In general, the factors that play a significant role in determining crawl demand are:

  • Perceived inventory: Without guidance from you, Google tries to crawl all or most of the URLs that it knows about on your site. If many of these URLs are duplicates, or you don't want them crawled for some other reason (removed, unimportant, and so on), this wastes a lot of Google crawling time on your site. This is the factor that you can positively control the most.
  • Popularity: URLs that are more popular on the Internet tend to be crawled more often to keep them fresher in our systems.
  • Staleness: Our systems want to recrawl documents frequently enough to pick up any changes.

Additionally, site-wide events like site moves may trigger an increase in crawl demand in order to reprocess the content under the new URLs.

In sum

Taking crawl capacity and crawl demand together, Google defines a site's crawl budget as the set of URLs that Google can and wants to crawl. Even if the crawl capacity limit isn't reached, if crawl demand is low, Google will crawl your site less.

Best practices

To maximize your crawling efficiency, follow these best practices:

  • Manage your URL inventory: Use the appropriate tools to tell Google which pages to crawl and which not to crawl. If Google spends too much time crawling URLs that it shouldn't, Google's crawlers might decide that it's not worth the time to look at the rest of your site (or increase your budget to do so).
    • Consolidate duplicate content . Eliminate duplicate content to focus crawling on unique content rather than unique URLs.
    • Block crawling of URLs using robots.txt . Some pages might be important to users, but you don't necessarily want them to appear on Google surfaces or get reprocessed by Google's systems. For example, infinite scrolling pages that duplicate information on linked pages, or differently sorted versions of the same page. If you can't consolidate them as described in the first bullet, block these unimportant pages using robots.txt . Blocking URLs with robots.txt prevents Google from crawling them, and significantly decreases the chance the URLs will be processed by other Google systems (such as getting indexed by Google Search).
    • Return a 404 or 410 status code for permanently removed pages. Google won't forget a URL that it knows about, but a 404 status code is a strong signal not to crawl that URL again. Blocked URLs, however, will stay part of your crawl queue much longer, and will be recrawled when the block is removed.
    • Eliminate soft 404 errors . soft 404 pages will continue to be crawled, and waste your budget. Check the Index Coverage report for soft 404 errors.
    • Keep your sitemaps up to date. Google reads your sitemap regularly, so be sure to include all the content that you want Google to crawl. If your site includes updated content, we recommend including the <lastmod> tag.
    • Avoid long redirect chains , which have a negative effect on crawling.
  • Make your pages efficient to load . If Google can load and render your pages faster, we might be able to read more content from your site.
  • Debug issues with crawl budget . Check whether your site had any availability issues during crawling, and look for ways to make your crawling more efficient.

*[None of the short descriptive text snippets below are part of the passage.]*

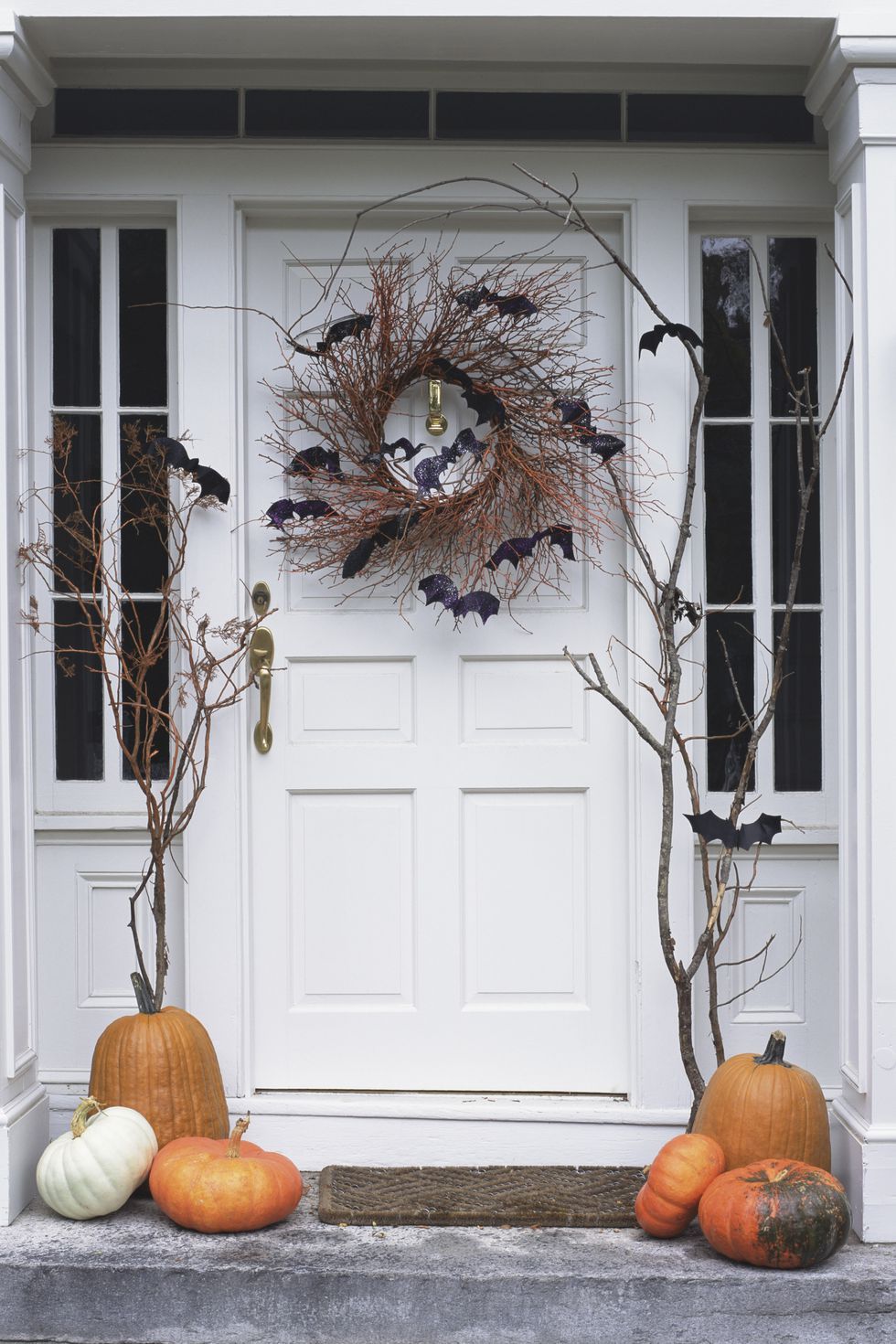 Spooky and Stylish Halloween Porch Decor Ideas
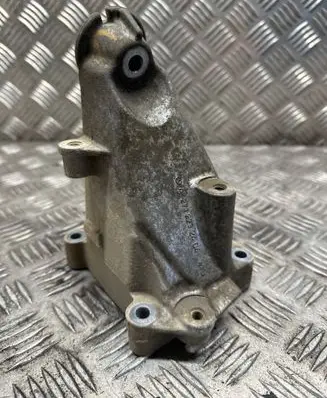 Engine mounting bracket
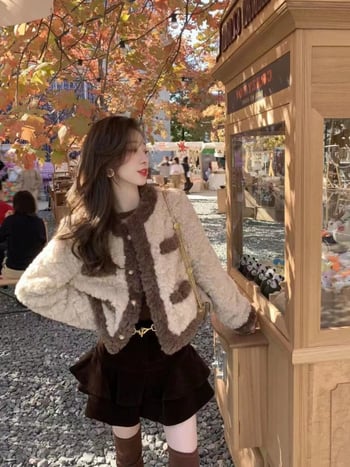 Дамско късо палто с изкуствена агнешка козина и quilted дизайн, свободен силует, кръгло деколте, еднобортно закопчаване, дебело зимно палто от полиестер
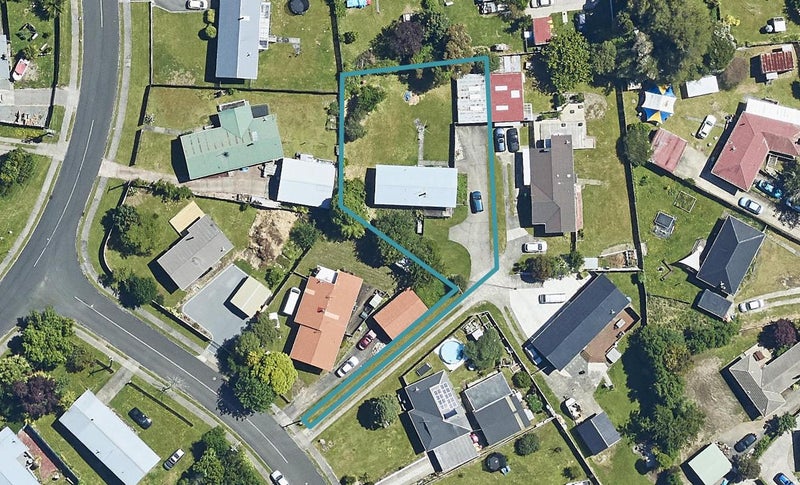 6 Bay Grove, Pukehangi, Rotorua - Carousel 1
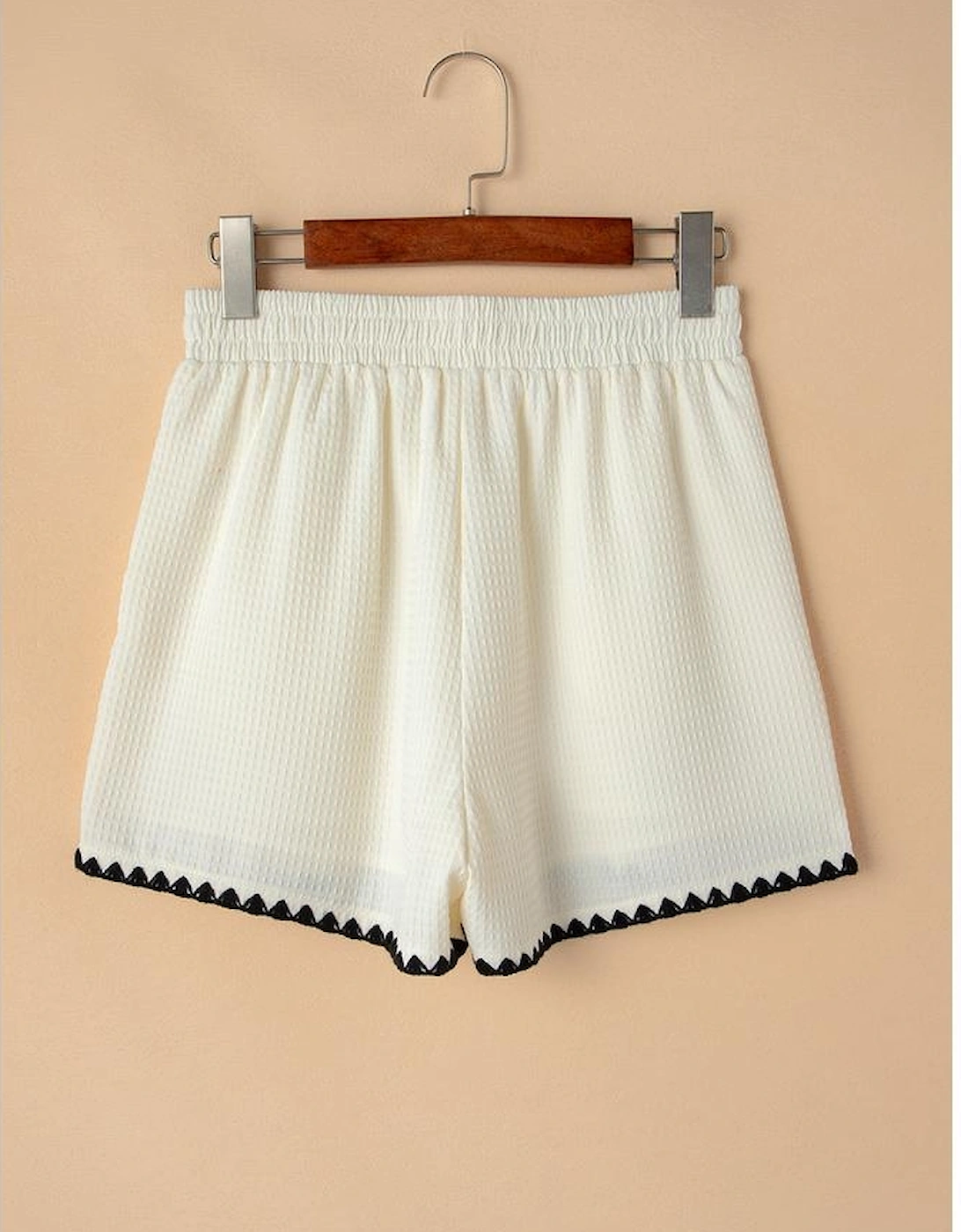 White Waffle Texture Contrast Ricrac Hemline Casual Shorts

How do I get more crawl budget?

There are two ways to increase crawl budget:

  • Add more server resources : If your site can't be crawled because of server capacity on your end (for example, you're getting Hostload exceeded in the URL inspection tool), add more server resources if that makes sense for your business.
  • Optimize your content's quality for the Google product you're targeting : Google determines the crawling resources allocated to each site by factoring in elements that are relevant to the specific Google product. For example, for Google Search, this includes things like popularity, overall user value, content uniqueness, and serving capacity.